I even went to the corner of the garden, the spot we always avoided. It contained a huge mound with a number of holes under the banyan tree. The cobra family lived there.
They were pretty peacefull, apart from having bitten and killed the poor tailor who had been cycling home at night. But then his cycle tyre ran over one of them. And after he got bitten, his relatives took him away to the village outside, where they made him lie in a mud pit and poured milk and ghee over him. Obviously not very effective in treating cobra bites.
Sometimes I would see a cobra slithering away towards the dense bougainvillea hedge we had around the house. Sometimes they would sun themselves on the steps behind our bathroom door. And since my mom insisted that after a bath, we must open the back door to dry out the bathroom, it was always a bit of an adventure. I usually unbolted the latch with a noise loud enough to wake up the dead, and then stamped around for a good five minutes, before flinging open the door and running in the opposite direction.
The cobras must have laughed their heads off.
My friends, three boys who lived in my lane, decided that they’ll give me a farewell gift. Four of us were the Mystery Solvers of Kalaikunda. Yeah, that’s what we called ourselves. And we wore raincoats as disguises, and constantly chewed on blades of grass while we discussed what new mystery we could solve. And we spent our time shadowing unsuspecting people on our cycles. Which was always a bit of a letdown because sooner or later they would realise four kids on cycles, wearing mismatched raincoats in peak summer, were trailing them. Also, the shadowing invariably ended on a rather sad note, at the puncture repair shop. I don’t know if it was the roads of Kalaikunda or our second hand cycles.
Anyway, so my goodbye gift was a grand old British bunker. Actually it was an abandoned old British bunker which had been discovered by one of the boys while cycling back from school. It was on one end of a huge parade ground. And covered with mud, stones and thorny bushes growing inside and outside it. And now that I think about it, probably many cobra families as well.

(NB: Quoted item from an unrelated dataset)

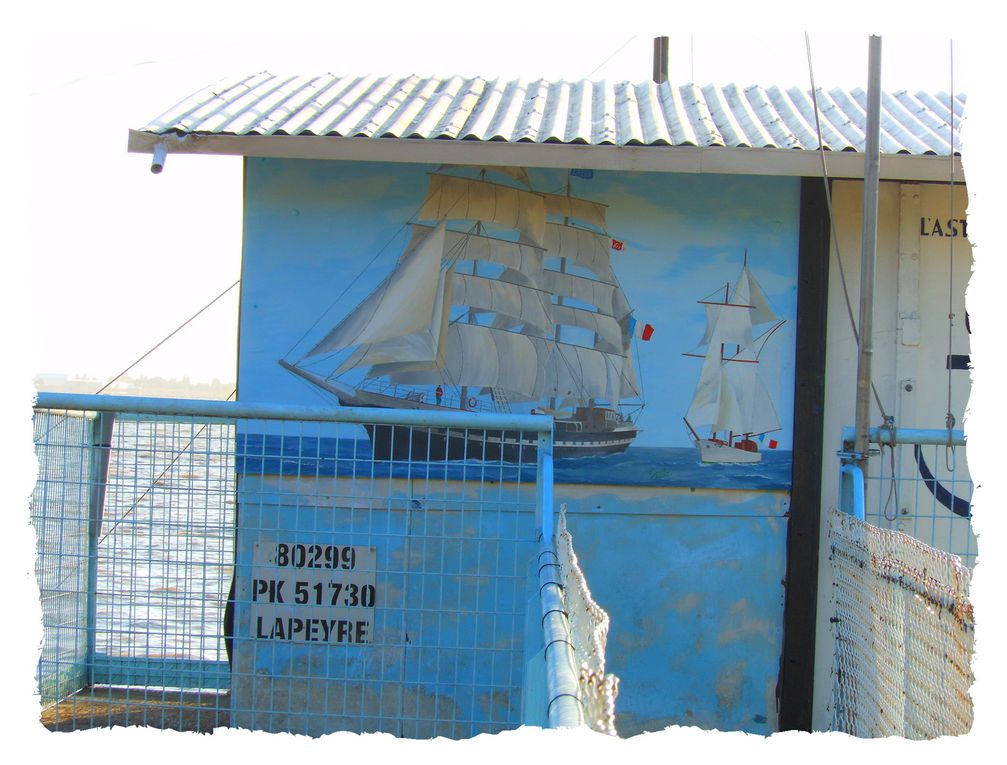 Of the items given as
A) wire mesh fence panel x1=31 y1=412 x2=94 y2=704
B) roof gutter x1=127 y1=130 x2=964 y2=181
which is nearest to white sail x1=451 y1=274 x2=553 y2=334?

So on my last day, we cycled to the abandoned bunker and I was allowed to enter it first. We spent a happy hour fighting our way through the thorns and undergrowth to go into a dark, damp bunker that smelled strangely like the entrance to the kalaikunda sewage. After reassuring ourselves that nobody had stashed dead bodies in there, and there was no foul play, just a foul smell, we emerged, donned our raincoats and trailed a lady with a kid in the pram. We were sure it was a chopped body she was carrying in the pram.
When she turned around and waved to us, and asked if we’d like to see the baby, we fled in disgust. It was the best farewell I ever had.